* **TRY IT**
Your task is to copy the lines of the data below from the line holding "İzmir'de 30 kilo" through the line holding "verkaufsoffenen Sonntags. Thomas", inclusive, exactly and with nothing added.

* **DATA PROVIDED**
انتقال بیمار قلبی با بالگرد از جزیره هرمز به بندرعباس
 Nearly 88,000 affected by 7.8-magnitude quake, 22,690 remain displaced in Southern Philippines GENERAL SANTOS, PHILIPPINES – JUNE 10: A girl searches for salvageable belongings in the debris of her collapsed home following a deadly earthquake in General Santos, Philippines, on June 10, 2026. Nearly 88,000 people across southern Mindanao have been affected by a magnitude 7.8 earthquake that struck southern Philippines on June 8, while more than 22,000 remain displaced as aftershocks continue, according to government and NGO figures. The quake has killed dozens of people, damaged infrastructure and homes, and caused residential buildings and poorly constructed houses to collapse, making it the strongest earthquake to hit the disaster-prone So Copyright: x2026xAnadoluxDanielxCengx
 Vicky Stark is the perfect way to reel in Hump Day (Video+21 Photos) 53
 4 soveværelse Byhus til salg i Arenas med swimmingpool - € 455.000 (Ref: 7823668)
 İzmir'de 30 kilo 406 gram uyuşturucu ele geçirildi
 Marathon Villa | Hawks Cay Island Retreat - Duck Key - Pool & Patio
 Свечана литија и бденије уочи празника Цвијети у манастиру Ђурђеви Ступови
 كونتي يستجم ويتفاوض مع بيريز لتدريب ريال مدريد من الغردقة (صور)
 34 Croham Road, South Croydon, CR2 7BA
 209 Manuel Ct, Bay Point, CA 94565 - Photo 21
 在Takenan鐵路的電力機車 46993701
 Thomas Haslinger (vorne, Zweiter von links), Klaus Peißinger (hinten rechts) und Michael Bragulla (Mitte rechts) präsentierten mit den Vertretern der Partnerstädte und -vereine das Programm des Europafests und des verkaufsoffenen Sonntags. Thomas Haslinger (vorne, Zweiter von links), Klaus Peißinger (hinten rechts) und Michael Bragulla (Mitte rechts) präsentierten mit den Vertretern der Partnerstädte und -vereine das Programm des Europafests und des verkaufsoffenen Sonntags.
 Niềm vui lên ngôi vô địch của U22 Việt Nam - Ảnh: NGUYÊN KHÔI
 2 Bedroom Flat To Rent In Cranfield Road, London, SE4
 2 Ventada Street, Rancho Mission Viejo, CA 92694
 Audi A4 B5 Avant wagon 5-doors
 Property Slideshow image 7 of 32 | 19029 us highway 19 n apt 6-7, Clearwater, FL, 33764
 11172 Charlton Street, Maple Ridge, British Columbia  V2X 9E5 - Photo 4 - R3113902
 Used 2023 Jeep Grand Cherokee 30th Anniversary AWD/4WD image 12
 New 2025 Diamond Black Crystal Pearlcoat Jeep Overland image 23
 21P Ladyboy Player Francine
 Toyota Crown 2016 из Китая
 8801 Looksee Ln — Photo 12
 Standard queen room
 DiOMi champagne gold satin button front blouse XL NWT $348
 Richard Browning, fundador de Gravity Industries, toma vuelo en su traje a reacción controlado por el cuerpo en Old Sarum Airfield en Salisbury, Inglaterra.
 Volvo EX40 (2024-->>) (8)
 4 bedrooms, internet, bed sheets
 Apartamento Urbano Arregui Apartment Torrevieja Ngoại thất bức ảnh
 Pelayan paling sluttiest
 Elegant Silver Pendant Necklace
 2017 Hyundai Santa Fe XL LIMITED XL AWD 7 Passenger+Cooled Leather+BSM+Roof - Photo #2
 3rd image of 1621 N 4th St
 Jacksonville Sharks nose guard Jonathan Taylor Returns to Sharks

* **RESPONSE**
 İzmir'de 30 kilo 406 gram uyuşturucu ele geçirildi
 Marathon Villa | Hawks Cay Island Retreat - Duck Key - Pool & Patio
 Свечана литија и бденије уочи празника Цвијети у манастиру Ђурђеви Ступови
 كونتي يستجم ويتفاوض مع بيريز لتدريب ريال مدريد من الغردقة (صور)
 34 Croham Road, South Croydon, CR2 7BA
 209 Manuel Ct, Bay Point, CA 94565 - Photo 21
 在Takenan鐵路的電力機車 46993701
 Thomas Haslinger (vorne, Zweiter von links), Klaus Peißinger (hinten rechts) und Michael Bragulla (Mitte rechts) präsentierten mit den Vertretern der Partnerstädte und -vereine das Programm des Europafests und des verkaufsoffenen Sonntags. Thomas Haslinger (vorne, Zweiter von links), Klaus Peißinger (hinten rechts) und Michael Bragulla (Mitte rechts) präsentierten mit den Vertretern der Partnerstädte und -vereine das Programm des Europafests und des verkaufsoffenen Sonntags.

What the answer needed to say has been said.